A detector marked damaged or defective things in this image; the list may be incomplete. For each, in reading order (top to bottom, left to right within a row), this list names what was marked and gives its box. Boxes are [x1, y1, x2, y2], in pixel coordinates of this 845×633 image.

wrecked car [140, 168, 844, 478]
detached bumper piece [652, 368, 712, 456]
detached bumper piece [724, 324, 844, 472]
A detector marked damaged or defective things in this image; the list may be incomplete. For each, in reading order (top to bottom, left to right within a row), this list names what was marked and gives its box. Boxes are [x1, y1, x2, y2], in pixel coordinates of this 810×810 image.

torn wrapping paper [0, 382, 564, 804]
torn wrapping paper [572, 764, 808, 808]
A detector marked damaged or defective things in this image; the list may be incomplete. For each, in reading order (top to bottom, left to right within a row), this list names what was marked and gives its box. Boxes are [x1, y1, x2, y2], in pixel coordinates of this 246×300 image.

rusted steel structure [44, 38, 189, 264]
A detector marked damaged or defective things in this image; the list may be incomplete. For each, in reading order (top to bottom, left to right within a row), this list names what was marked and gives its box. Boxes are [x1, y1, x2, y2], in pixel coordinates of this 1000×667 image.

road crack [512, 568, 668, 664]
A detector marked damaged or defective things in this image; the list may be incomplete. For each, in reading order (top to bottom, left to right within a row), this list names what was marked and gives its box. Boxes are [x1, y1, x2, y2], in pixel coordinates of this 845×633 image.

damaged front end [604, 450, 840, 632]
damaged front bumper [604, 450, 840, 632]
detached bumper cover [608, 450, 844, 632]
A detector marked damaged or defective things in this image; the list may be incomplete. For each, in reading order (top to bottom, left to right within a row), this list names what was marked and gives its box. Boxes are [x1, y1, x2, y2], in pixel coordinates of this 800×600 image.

━━━━━━━━━━━━━━━━━━━━

**REQUIRED WORK:** Begin with the line holding "this 810×810 image." and end with the last line of the material. Write out those lines exactly, and only those.

**ANSWER SECTION:**
A detector marked damaged or defective things in this image; the list may be incomplete. For each, in reading order (top to bottom, left to right within a row), this list names what was marked and gives its box. Boxes are [x1, y1, x2, y2], in pixel coordinates of this 810×810 image.

torn wrapping paper [0, 382, 564, 804]
torn wrapping paper [572, 764, 808, 808]
A detector marked damaged or defective things in this image; the list may be incomplete. For each, in reading order (top to bottom, left to right within a row), this list names what was marked and gives its box. Boxes are [x1, y1, x2, y2], in pixel coordinates of this 246×300 image.

rusted steel structure [44, 38, 189, 264]
A detector marked damaged or defective things in this image; the list may be incomplete. For each, in reading order (top to bottom, left to right within a row), this list names what was marked and gives its box. Boxes are [x1, y1, x2, y2], in pixel coordinates of this 1000×667 image.

road crack [512, 568, 668, 664]
A detector marked damaged or defective things in this image; the list may be incomplete. For each, in reading order (top to bottom, left to right within a row), this list names what was marked and gives its box. Boxes are [x1, y1, x2, y2], in pixel coordinates of this 845×633 image.

damaged front end [604, 450, 840, 632]
damaged front bumper [604, 450, 840, 632]
detached bumper cover [608, 450, 844, 632]
A detector marked damaged or defective things in this image; the list may be incomplete. For each, in reading order (top to bottom, left to right within a row), this list names what was marked and gives its box. Boxes are [x1, y1, x2, y2], in pixel coordinates of this 800×600 image.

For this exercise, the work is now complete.